YOUR SOLIN GENERATED RECIPE
Juicy Lean Turkey Meatballs with Whole Wheat Spaghetti and Crispy Roasted Vegetables
Savor these lean turkey meatballs paired with a serving of whole wheat spaghetti and a colorful medley of crispy roasted vegetables. The dish delivers a satisfying balance of protein and wholesome carbs with aromatic herbs and a light parmesan finish, making it a perfect nutritious meal for dinner.
INGREDIENTS
4 oz Lean Ground Turkey
1 large Egg White
1 cup cooked Whole Wheat Spaghetti
1.5 cups Mixed Vegetables (broccoli, bell pepper, zucchini)
1 tbsp Parmesan Cheese
1 tsp Olive Oil
2 Garlic Cloves
1 tsp Italian Seasoning
Salt and Black Pepper to taste
PREPARATION
Preheat your oven to 400°F.
In a bowl, combine the lean ground turkey, egg white, minced garlic, Italian seasoning, salt, and pepper. Mix until just combined and form into small meatballs.
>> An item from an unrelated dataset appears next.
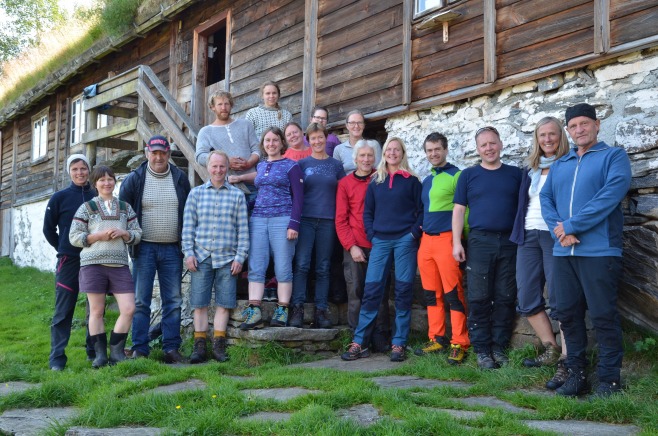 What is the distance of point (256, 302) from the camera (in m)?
5.21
Place the meatballs on a baking sheet lined with parchment paper and bake for 15-18 minutes, or until cooked through.
While the meatballs bake, prepare the whole wheat spaghetti according to package directions until al dente. Drain and set aside.
Toss the mixed vegetables with olive oil, salt, and pepper on a separate baking tray. Roast them in the oven (you can do this simultaneously with the meatballs if space allows) for about 12-15 minutes until they are crispy on the edges.
Plate the spaghetti, top with the turkey meatballs, and add the roasted vegetables on the side. Sprinkle with Parmesan cheese before serving.